Inside the AI Control Tower: The Blueprint for Governing Government’s AI Explosion

Original Broadcast Date: 03/01/2026

Presented by ServiceNow & Carahsoft

As artificial intelligence use cases expand across the federal government, agencies are confronting a reality that extends far beyond experimentation. AI is no longer a pilot project or innovation lab exercise. It is becoming embedded in how government operates. In his conversation on Fed Gov Today, Geoff Browning, Director of Global Government Affairs and Public Policy at ServiceNow, focuses on a central question: how do agencies scale AI responsibly?

Browning makes it clear that speed alone does not determine success. In both the public and private sectors, he says, the organizations that get AI right are not necessarily the ones that move fastest. They are the ones that establish governance first — and then scale.

He describes what he calls an “AI control tower,” a structured approach to managing artificial intelligence across an enterprise. At its core, the idea centers on answering difficult governance questions before deployment expands. Agencies must determine what AI systems can and cannot touch. They must decide which types of cases always default to a human and clearly define the human’s role. They must understand how AI assets are tracked from data ingestion to output. And because AI becomes part of the infrastructure, it must comply with federal laws and requirements from the outset.
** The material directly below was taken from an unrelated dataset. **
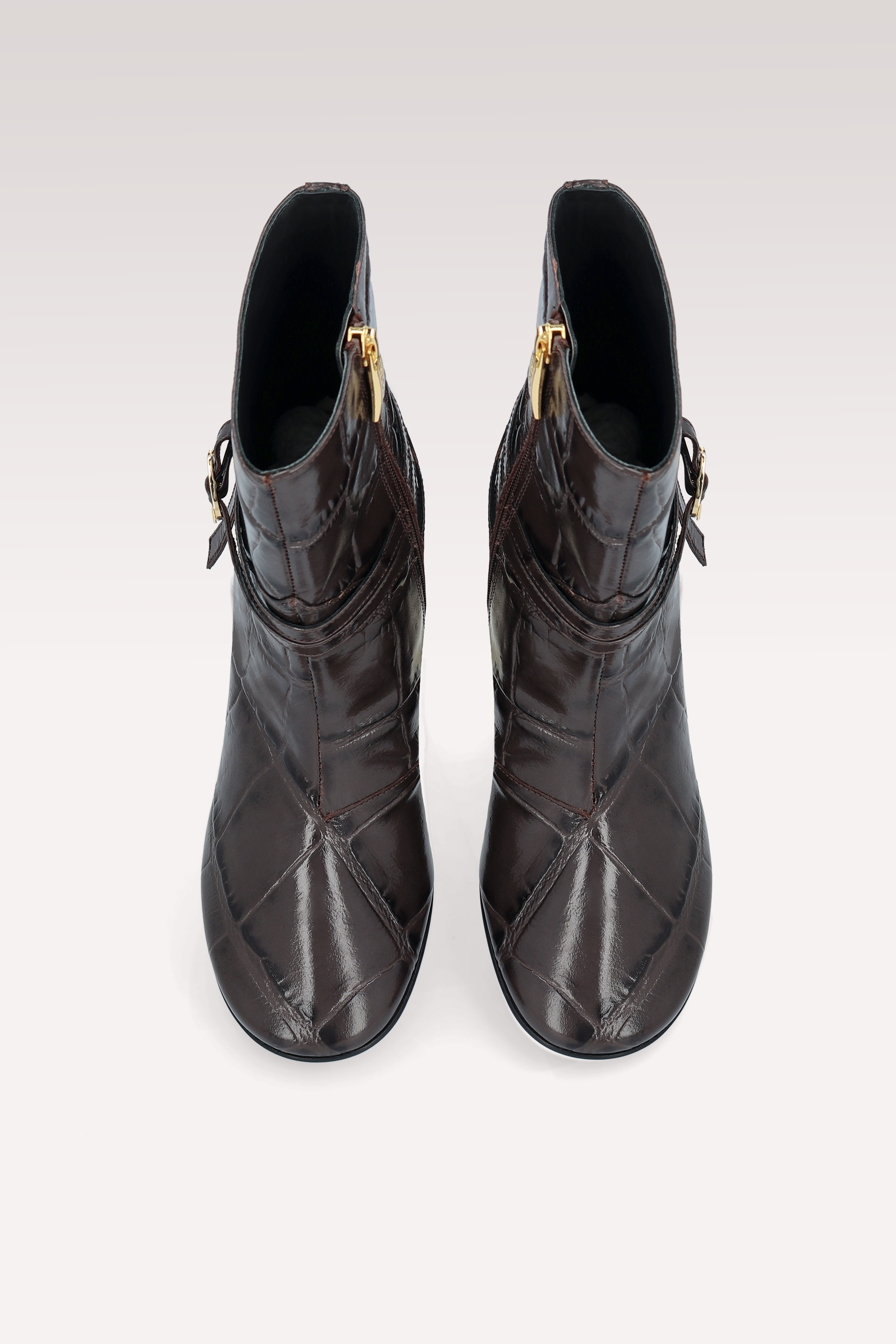 ZELDA BROWN COCCO EMBOSSED LEATHER ANKLE BOOTS AND DALIA SHOULDER BAG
Browning emphasizes that governance has two parts. The first involves thoughtful decision-making: setting guardrails, defining acceptable use, and identifying risk levels. The second involves operationalizing those decisions. It is not enough to publish policy; agencies must build mechanisms that measure maturity and risk over time. He points to tools that align with established frameworks, such as the NIST risk management framework, to help agencies benchmark their AI programs.

As agencies build inventories of AI use cases — a requirement reinforced by the administration — Browning sees progress. Agencies are not only cataloging AI deployments but also assessing which use cases are higher risk and taking mitigating steps. He acknowledges that these determinations are difficult and vary by use case, but he sees federal employees working hard to confront those challenges thoughtfully.

Another area Browning highlights is workforce readiness. On the technical side, agencies want short time to value. But emerging technologies require new skills. Drawing from a global skills forecast conducted with Pearson, Browning notes a sharp increase in demand for AI governance capabilities, data stewardship, and auditing skills. These roles are becoming essential as AI systems scale. Agencies recognize this need within their own workforces, and Browning stresses that access to training and certification pathways can help close those gaps.BrowningFrame2

Beyond governance and workforce, Browning raises a topic that receives less public attention but carries enormous importance: asset management. He begins with traditional software and hardware inventories. Congress passed the MEGABYTE Act to require agencies to maintain accurate software inventories using automated tools. Years later, implementation remains challenging. Agencies still struggle to fully track what software and hardware exist on their networks and how those systems are configured.

That foundational challenge becomes even more complex when AI enters the picture. AI systems introduce additional dependencies — models, training data, integrations, and cloud environments. Browning explains that as agencies move toward more advanced, even agentic AI systems, governance becomes even more critical. Dependencies multiply, and the need to track assets across their life cycles grows more urgent. Configuration management, which is already essential for vulnerability response, becomes even more important in an AI-enabled environment.

He underscores that agencies must understand what technologies are on their networks, how they are configured, and how they interact. When AI systems integrate across cloud providers or connect with multiple vendors, visibility becomes essential. Asset tracking cannot stop at procurement. It must extend through deployment, operation, and eventual retirement.

Looking ahead, Browning encourages agencies to think about quantifying the value they receive from AI investments. Testing, evaluation, validation, and verification are critical components of responsible deployment. Agencies must ensure that AI systems produce measurable outcomes. Investment on the front end must translate into results on the back end.

Ultimately, Browning’s message is not about hype. It is about discipline. As AI use expands — in some cases rapidly — governance structures, workforce development, asset management, and measurable performance become the difference between experimentation and enterprise success.

AI, he suggests, is becoming embedded in federal infrastructure. Agencies that take the time to build their control towers — defining rules, managing assets, developing skills, and measuring impact — position themselves to scale responsibly. The challenge is significant. But so is the opportunity for agencies that approach AI with clarity, structure, and accountability.